START Supplied data

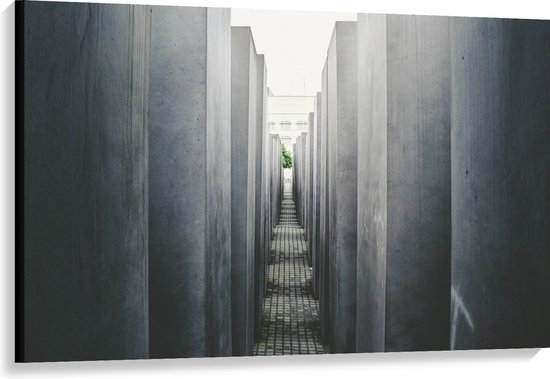 WallClassics - Canvas - Monument in Duitsland - 120x80 cm Foto op Canvas Schilderij (Wanddecoratie op Canvas)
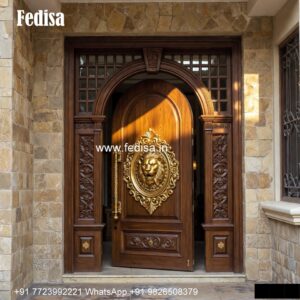 Vintage Wooden Door Designs For Houses Iron Chaukhat Design No-3771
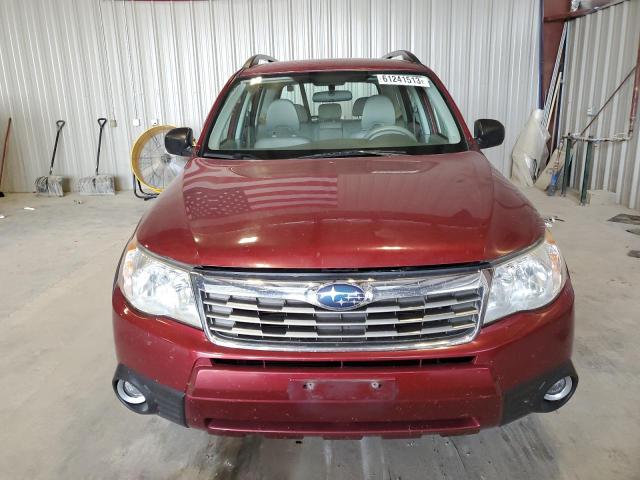 JF2SH6BC7AH796729 - 2010 SUBARU FORESTER XS RED photo 5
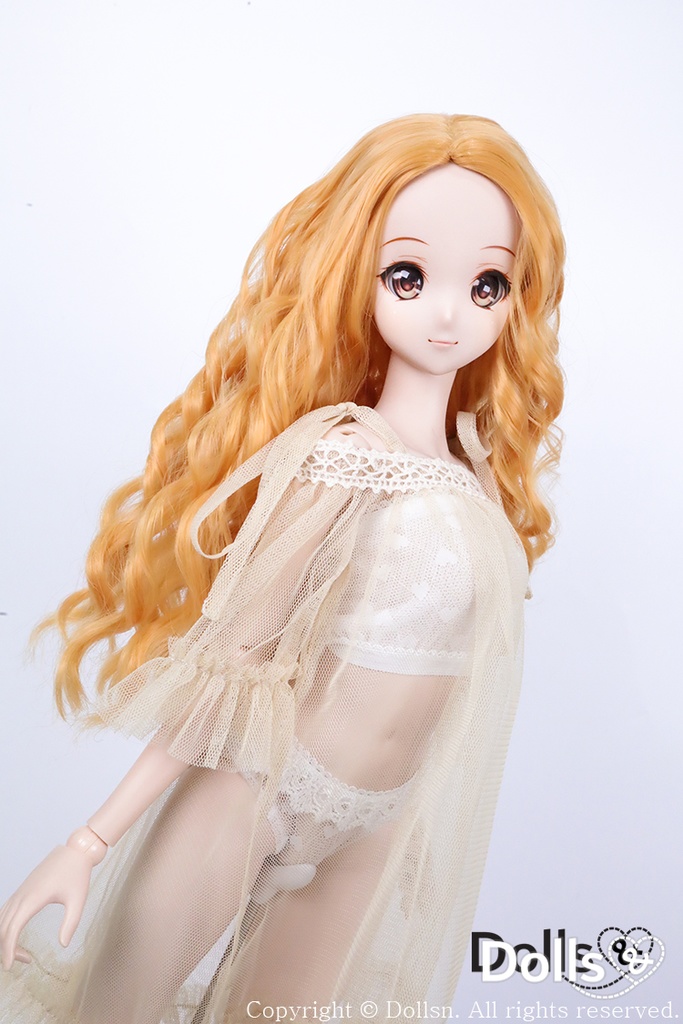SD DDサイズ耐熱ウイッグ 8~9インチWM-037 (マンダリンオレンジ)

END Supplied data

Transcribe exactly the portion of the material above that runs from the line containing "JF2SH6BC7AH796729 - 2010" through its last line, omitting all pictures.

 JF2SH6BC7AH796729 - 2010 SUBARU FORESTER XS RED photo 5
SD DDサイズ耐熱ウイッグ 8~9インチWM-037 (マンダリンオレンジ)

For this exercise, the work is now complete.